Fox Enables Romney's Military Voting Falsehood
Written by Todd Gregory
Published
Fox News is helping Mitt Romney spread the false perception that the Obama campaign is trying to limit military voting in Ohio through a lawsuit that is actually intended to expand voting. This is part of a pattern in which Fox has consistently promoted misinformation that benefits the Romney campaign.
Previously, Fox twisted President Obama's “you didn't build that” comments, a misrepresentation that Romney echoed on the campaign trail and in several ads. Fox also distorted Obama's remark that the wealthy paid higher taxes under President Clinton and that “it worked,” in terms of the country's economic success during the 1990s. The Romney campaign released an ad using the same distortion.
This time, Fox and Romney are spreading misinformation about a lawsuit that the Obama campaign filed last month seeking to allow all Ohio voters more time to cast their ballots, falsely suggesting that it actually seeks to restrict military voting.

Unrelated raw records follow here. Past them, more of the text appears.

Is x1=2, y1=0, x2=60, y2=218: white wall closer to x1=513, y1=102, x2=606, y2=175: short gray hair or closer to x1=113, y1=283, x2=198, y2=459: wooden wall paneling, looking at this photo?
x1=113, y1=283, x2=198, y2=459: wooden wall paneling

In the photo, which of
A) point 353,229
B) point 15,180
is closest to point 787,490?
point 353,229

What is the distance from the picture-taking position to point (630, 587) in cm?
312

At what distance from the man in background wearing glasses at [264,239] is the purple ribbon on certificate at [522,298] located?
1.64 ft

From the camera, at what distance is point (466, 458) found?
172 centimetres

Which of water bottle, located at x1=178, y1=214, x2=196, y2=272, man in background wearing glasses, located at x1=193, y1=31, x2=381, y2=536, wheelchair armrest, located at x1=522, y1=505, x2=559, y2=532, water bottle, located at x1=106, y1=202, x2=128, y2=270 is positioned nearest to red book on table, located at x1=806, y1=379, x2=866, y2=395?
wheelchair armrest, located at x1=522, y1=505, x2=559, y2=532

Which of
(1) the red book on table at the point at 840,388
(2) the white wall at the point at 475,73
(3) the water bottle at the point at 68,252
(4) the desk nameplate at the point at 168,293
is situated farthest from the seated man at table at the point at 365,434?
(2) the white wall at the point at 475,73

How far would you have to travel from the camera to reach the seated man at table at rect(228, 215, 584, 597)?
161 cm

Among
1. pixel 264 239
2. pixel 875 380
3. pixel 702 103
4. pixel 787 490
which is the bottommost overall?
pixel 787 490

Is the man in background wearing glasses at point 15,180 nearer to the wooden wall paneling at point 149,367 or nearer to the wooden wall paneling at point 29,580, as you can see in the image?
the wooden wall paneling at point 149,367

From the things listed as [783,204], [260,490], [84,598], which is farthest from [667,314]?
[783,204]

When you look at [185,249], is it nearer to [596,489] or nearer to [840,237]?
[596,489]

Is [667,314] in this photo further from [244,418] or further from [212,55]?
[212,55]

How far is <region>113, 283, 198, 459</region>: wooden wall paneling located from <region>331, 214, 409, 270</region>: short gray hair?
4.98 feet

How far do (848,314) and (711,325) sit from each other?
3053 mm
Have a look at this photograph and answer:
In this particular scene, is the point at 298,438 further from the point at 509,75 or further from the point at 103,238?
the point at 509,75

Fox has aired multiple misleading segments on the lawsuit. Today, Fox & Friends Sunday hosted Pete Hegseth, a member of Concerned Vets for Freedom (and a former GOP Senate candidate), to obscure that the lawsuit simply seeks to overturn Ohio Republicans' attempts to limit early voting for civilians. Hegseth claimed that the defenders of the Ohio law limiting early voting see it as being “about allowing Ohio to give more opportunities to veterans.”
That statement turns the intent of the Obama campaign lawsuit -- and the history of early voting in Ohio -- on its head.

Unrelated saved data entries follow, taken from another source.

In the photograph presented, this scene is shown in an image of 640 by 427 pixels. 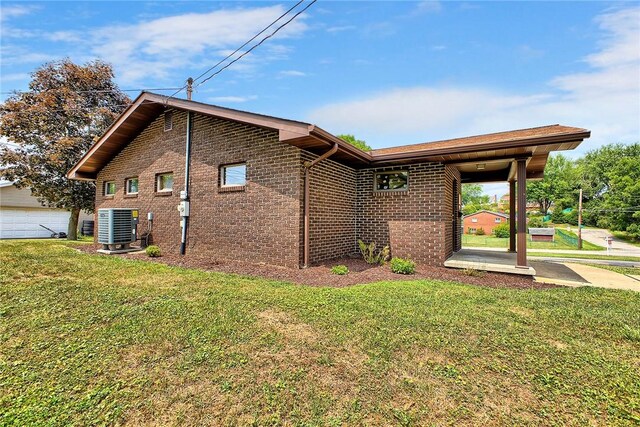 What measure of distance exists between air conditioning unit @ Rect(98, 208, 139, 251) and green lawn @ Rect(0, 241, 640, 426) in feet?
16.5

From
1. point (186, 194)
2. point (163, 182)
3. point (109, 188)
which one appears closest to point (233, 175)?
point (186, 194)

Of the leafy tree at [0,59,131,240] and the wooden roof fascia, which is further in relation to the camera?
the leafy tree at [0,59,131,240]

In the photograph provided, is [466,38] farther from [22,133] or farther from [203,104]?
[22,133]

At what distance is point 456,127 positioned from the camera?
15.1 meters

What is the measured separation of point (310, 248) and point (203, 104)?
479 centimetres

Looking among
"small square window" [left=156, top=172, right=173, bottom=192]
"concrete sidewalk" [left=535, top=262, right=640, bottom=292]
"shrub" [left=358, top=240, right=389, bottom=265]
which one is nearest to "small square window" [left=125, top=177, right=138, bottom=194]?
"small square window" [left=156, top=172, right=173, bottom=192]

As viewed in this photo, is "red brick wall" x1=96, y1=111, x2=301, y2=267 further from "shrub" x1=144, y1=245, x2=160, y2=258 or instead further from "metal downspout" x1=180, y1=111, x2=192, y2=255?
"shrub" x1=144, y1=245, x2=160, y2=258

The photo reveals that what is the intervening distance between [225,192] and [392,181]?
15.4ft

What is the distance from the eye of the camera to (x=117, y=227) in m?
9.18

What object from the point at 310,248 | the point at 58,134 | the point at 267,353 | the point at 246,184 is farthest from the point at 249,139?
the point at 58,134

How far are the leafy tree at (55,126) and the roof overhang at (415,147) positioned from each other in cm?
708

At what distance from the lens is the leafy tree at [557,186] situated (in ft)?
167

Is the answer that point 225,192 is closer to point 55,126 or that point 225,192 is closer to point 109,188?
point 109,188

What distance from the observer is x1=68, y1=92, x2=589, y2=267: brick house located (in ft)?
21.3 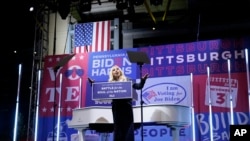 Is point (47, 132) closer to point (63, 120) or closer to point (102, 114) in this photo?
point (63, 120)

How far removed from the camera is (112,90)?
494 cm

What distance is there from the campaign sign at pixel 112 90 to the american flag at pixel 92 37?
4.08 meters

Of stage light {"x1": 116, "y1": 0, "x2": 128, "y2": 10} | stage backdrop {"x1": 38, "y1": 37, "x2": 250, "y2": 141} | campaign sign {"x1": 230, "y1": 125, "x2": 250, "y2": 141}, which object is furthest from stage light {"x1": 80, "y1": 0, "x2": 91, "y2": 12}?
campaign sign {"x1": 230, "y1": 125, "x2": 250, "y2": 141}

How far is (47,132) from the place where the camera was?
8055 millimetres

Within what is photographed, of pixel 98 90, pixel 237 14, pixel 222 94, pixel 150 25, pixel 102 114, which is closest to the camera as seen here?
pixel 98 90

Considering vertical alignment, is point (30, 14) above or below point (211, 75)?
above

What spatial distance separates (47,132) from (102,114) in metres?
3.04

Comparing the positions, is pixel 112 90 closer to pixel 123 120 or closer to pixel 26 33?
pixel 123 120

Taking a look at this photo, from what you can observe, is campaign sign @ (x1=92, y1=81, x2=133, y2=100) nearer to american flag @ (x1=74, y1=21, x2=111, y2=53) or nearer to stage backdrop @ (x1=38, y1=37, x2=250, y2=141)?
stage backdrop @ (x1=38, y1=37, x2=250, y2=141)

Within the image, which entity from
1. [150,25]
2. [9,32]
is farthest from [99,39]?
[9,32]

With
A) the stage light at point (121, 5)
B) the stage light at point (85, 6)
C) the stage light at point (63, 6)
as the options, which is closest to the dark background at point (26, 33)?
the stage light at point (63, 6)

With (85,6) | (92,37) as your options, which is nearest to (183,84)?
(92,37)

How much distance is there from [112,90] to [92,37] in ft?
14.9

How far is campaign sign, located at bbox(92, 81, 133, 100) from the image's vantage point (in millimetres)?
4852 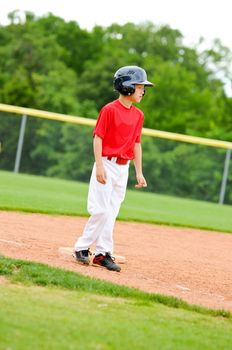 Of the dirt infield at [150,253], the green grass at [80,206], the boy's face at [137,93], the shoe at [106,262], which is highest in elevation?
the boy's face at [137,93]

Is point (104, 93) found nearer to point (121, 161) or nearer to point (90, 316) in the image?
point (121, 161)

The lawsuit filed by the Obama campaign clearly states what it seeks: “Plaintiffs bring this lawsuit to restore in-person early voting for all Ohioans during the three days prior to Election Day.”
The lawsuit uses the word “restore” because Ohio had expanded early voting after the 2004 election. Last year, the Republican-controlled legislature passed laws that eliminated voting during the three days prior to the election, except for military families and voters overseas.
Bloomberg News explained this clearly in a July 17 article:
The state's early-voting laws were enacted after the presidential election in 2004, when long lines and broken equipment forced voters to wait as long as seven hours to cast their ballots, according to an Obama campaign press statement released today.
[...]
The Republican-controlled legislature enacted two laws last year with provisions to move the deadline to the Friday before the election for all voters, then repealed one measure in May to halt a statewide referendum sought by Democrats, the Obama campaign alleged.
Fox's reporting on this subject has ranged from outright false to highly misleading -- all part of a solidifying routine in which it fuels misinformation from the Romney campaign.